## Given material
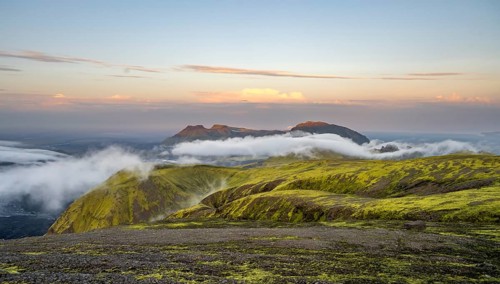 Fog between mountains, moss-covered volcanic mountain landscape, at sunset, Pakgil, Iceland, Europe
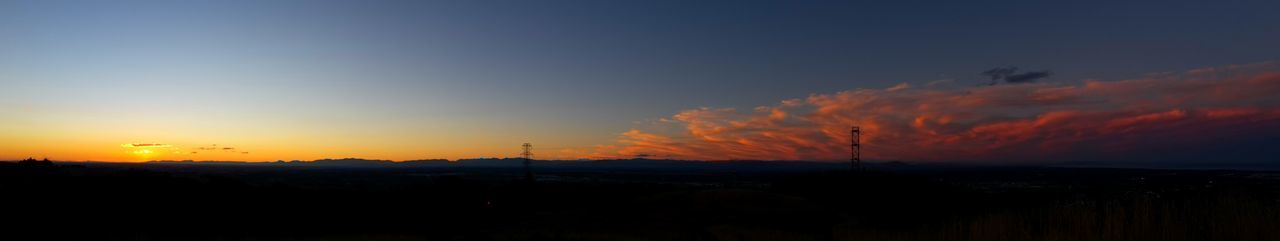 Silhouette landscape against sky during sunset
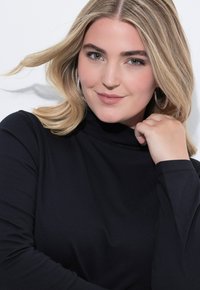 Frau mit blonden Haaren, die silberne Creolen und ein schwarzes Langarmoberteil trägt, sanft lächelnd mit der Hand nah am Gesicht vor einem weißen Hintergrund.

## Exercise directions
Reproduce the material above in full, images excluded.

## Task output
 Fog between mountains, moss-covered volcanic mountain landscape, at sunset, Pakgil, Iceland, Europe
 Silhouette landscape against sky during sunset
 Frau mit blonden Haaren, die silberne Creolen und ein schwarzes Langarmoberteil trägt, sanft lächelnd mit der Hand nah am Gesicht vor einem weißen Hintergrund.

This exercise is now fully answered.